Reasonable values for the dynamics criterion range typically between 2-30.

For example

model(
        toleranceMoveToCore=0.1,
        toleranceInterruptSimulation=0.1,
        toleranceMoveEdgeReactionToCore=10.0,
        toleranceMoveEdgeReactionToCoreInterrupt=5.0,
)

Note that it is highly recommended to use the dynamics criterion only alongside the flux criterion and not by itself.

4.7.6. Advanced Setting: Surface Algorithm

One common issue with the dynamics criterion is that it treats all core species equally as discussed in our theory section: Dynamics Criterion. Because of this, if the dynamics criterion is set too low it enters a feedback loop where it adds species and then since it can’t get those species’ concentrations right it adds more species and so on. In order to avoid this feedback loop the surface algorithm was developed. It creates a new partition called the surface that is considered part of the core. We will refer to the part of the core that is not part of the surface as the bulk core. When operating without the dynamics criterion everything moves from edge to the bulk core as usual; however the dynamics criterion is managed differently. When using the surface algorithm most reactions pulled in by the dynamics criterion enter the surface instead of the bulk core. However, unlike movement to bulk core a constraint is placed on movement to the surface. Any reaction moved to the surface must have either both reactants or both products in the bulk core. This prevents the dynamics criterion from pulling in reactions to get the concentrations of species in the surface right avoiding the feedback loop. To avoid important species being trapped in the surface we also add criteria for movement from surface to bulk core based on flux or dynamics criterion.

For example

model(
        toleranceMoveToCore=0.1,
        toleranceInterruptSimulation=0.1,
        toleranceMoveEdgeReactionToCore=30.0,
        toleranceMoveEdgeReactionToCoreInterrupt=5.0,
        toleranceMoveEdgeReactionToSurface=10.0,
        toleranceMoveSurfaceSpeciesToCore=.01,
        toleranceMoveSurfaceReactionToCore=5.0,
)

4.8. On the fly Quantum Calculations

This block is used when quantum mechanical calculations are desired to determine thermodynamic parameters. These calculations are only run if the molecule is not included in a specified thermo library. The onlyCyclics option, if True, only runs these calculations for cyclic species. In this case, group additive estimates are used for all other species.
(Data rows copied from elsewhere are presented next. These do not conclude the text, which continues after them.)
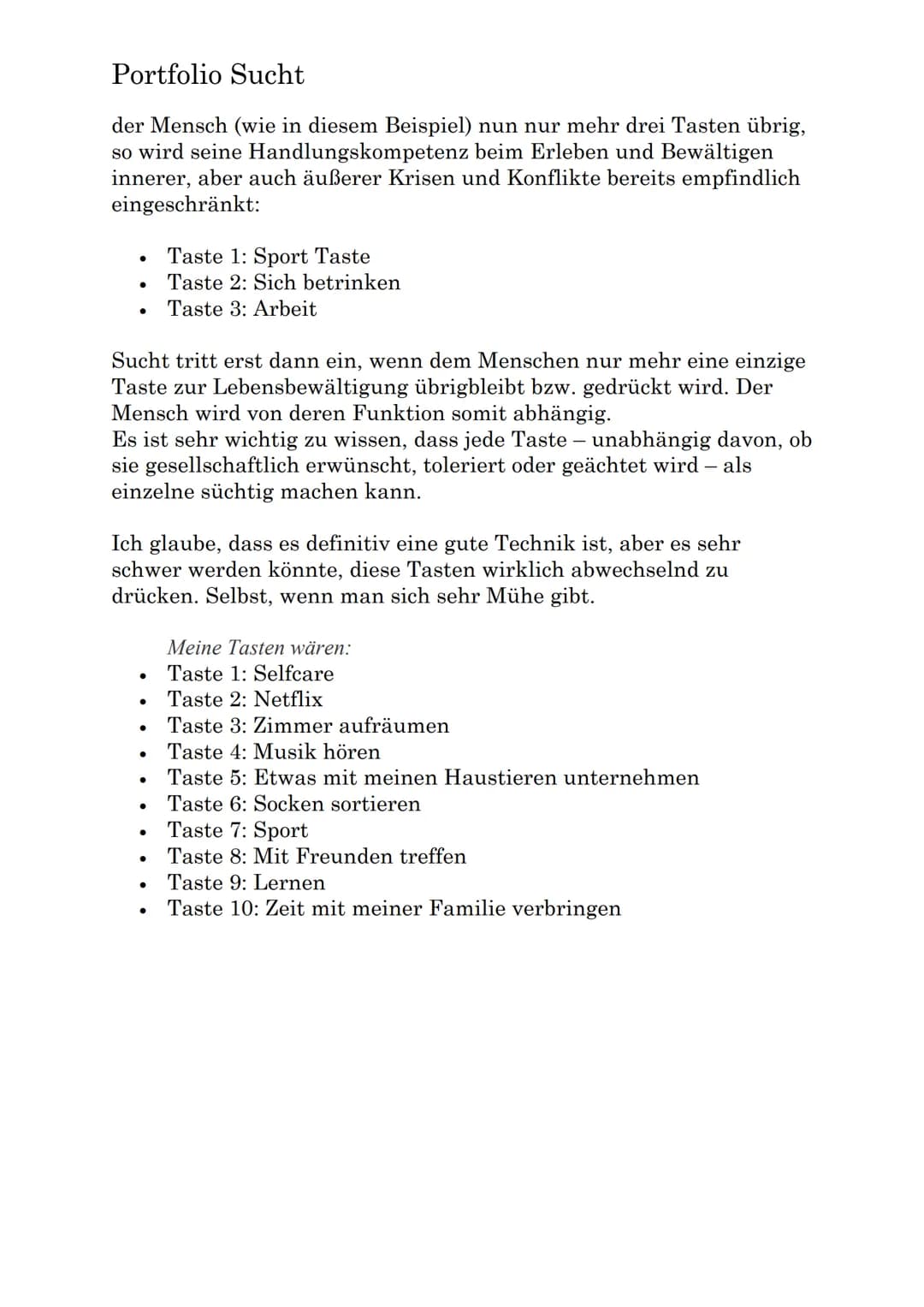 Portfolio Sucht
SUCHT
ED Portfolio Sucht
EINLEITUNG
Mit dem Thema Sucht bin ich glücklicherweise nicht vertraut, aber es
gibt Dinge, die ich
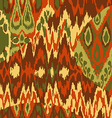 colored ethnic print pattern abstract background vector image vector image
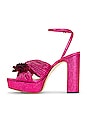 view 5 of 5 Natalia Platform Sandal in Fuchsia Lam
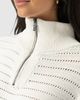 Saint + Sofia Saint + Sofia Ester Quarter Zip Knit Top - 5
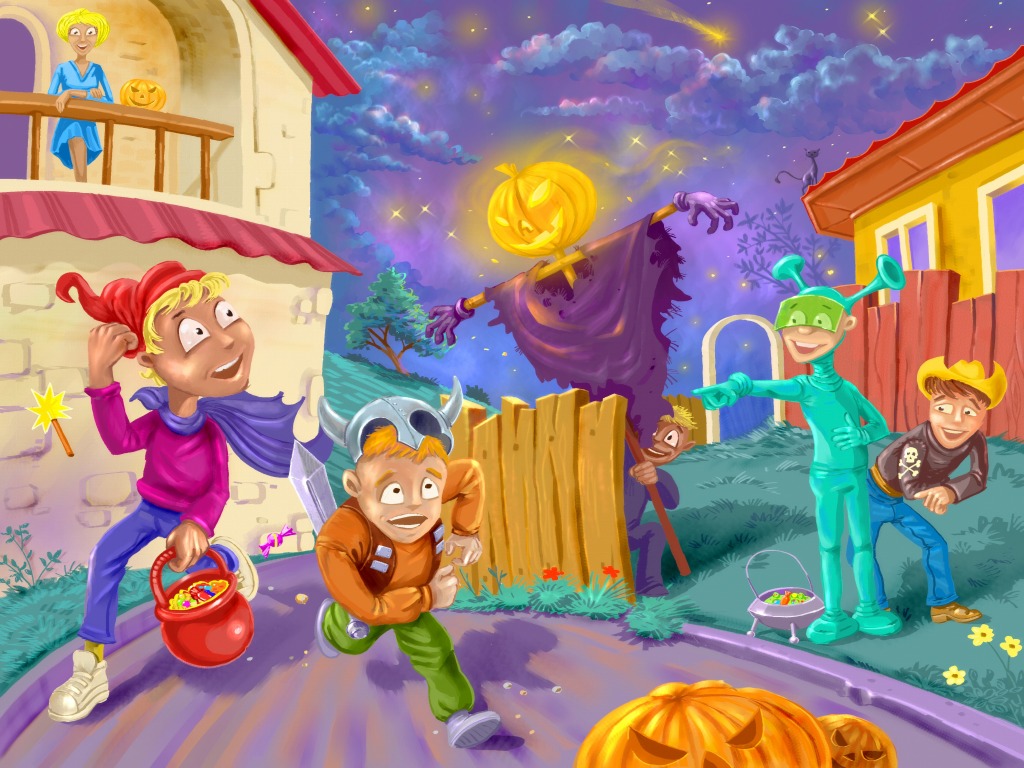 Halloween Fun jigsaw puzzle in Halloween puzzles on TheJigsawPuzzles.com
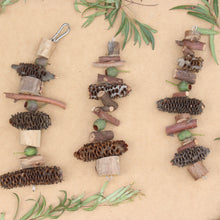 Load image into Gallery viewer, Wood-Banksia-Gumnut Hanging Toy
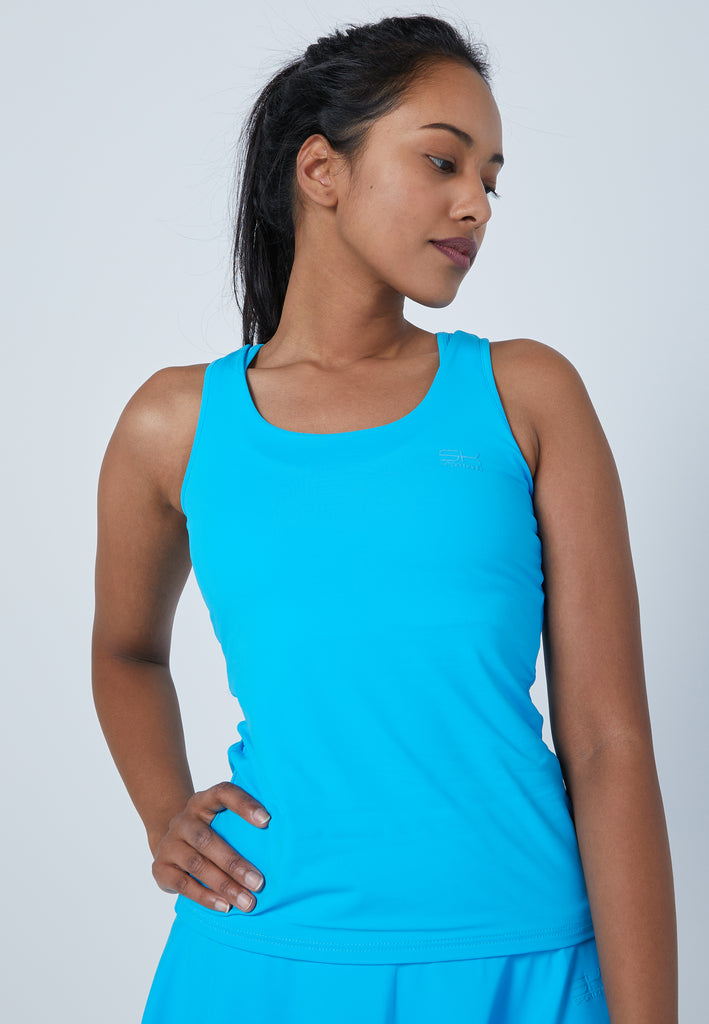 Mädchen & Damen und Gender Tennis Tanktop, türkis von SPORTKIND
Molecular geometries are estimated via RDKit [RDKit]. Either MOPAC (2009 and 2012) or GAUSSIAN (2003 and 2009) can be used with the semi-empirical pm3, pm6, and pm7 (pm7 only available in MOPAC2012), specified in the software and method blocks. A folder can be specified to store the files used in these calculations, however if not specified this defaults to a QMfiles folder in the output folder.
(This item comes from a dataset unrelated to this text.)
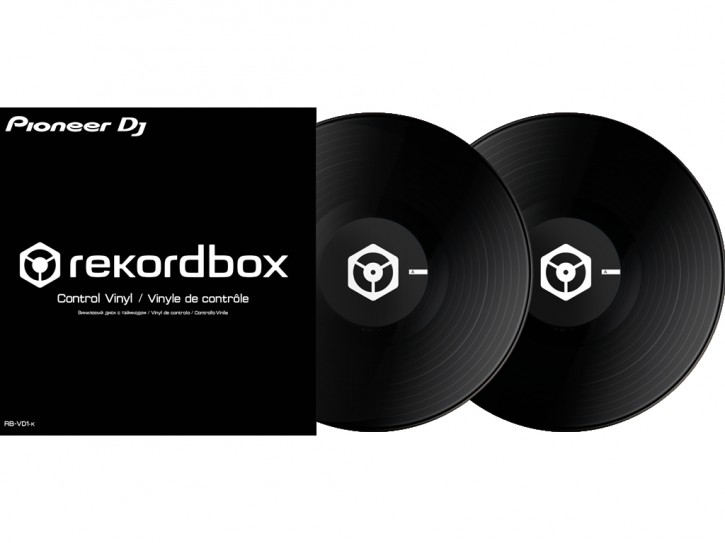 Pioneer RB-VD2-K  2 x Rekordbox Control-Vinyl / Schwarz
The calculations are also only run on species with a maximum radical number set by the user. If a molecule has a higher radical number, the molecule is saturated with hydrogen atoms, then quantum mechanical calculations with subsequent hydrogen bond incrementation is used to determine the thermodynamic parameters.

The following is an example of the quantum mechanics options

quantumMechanics(
        software='mopac',
        method='pm3',
        fileStore='QMfiles',
        scratchDirectory = None,
        onlyCyclics = True,
        maxRadicalNumber = 0,
        )
[RDKit]

RDKit: Open-source cheminformatics; http://www.rdkit.org

4.9. Machine Learning-based Thermo Estimation

This block is used to turn on the machine learning module to estimate thermodynamic parameters. These calculations are only run if the molecule is not included in a specified thermo library. There are a number of different settings that can be specified to tune the estimator so that it only tries to estimate some species. This is useful because the machine learning model may perform poorly for some molecules and group additivity may be more suitable. Using the machine learning estimator for fused cyclic species of moderate size or any species with significant proportions of oxygen and/or nitrogen atoms will most likely yield better estimates than group additivity.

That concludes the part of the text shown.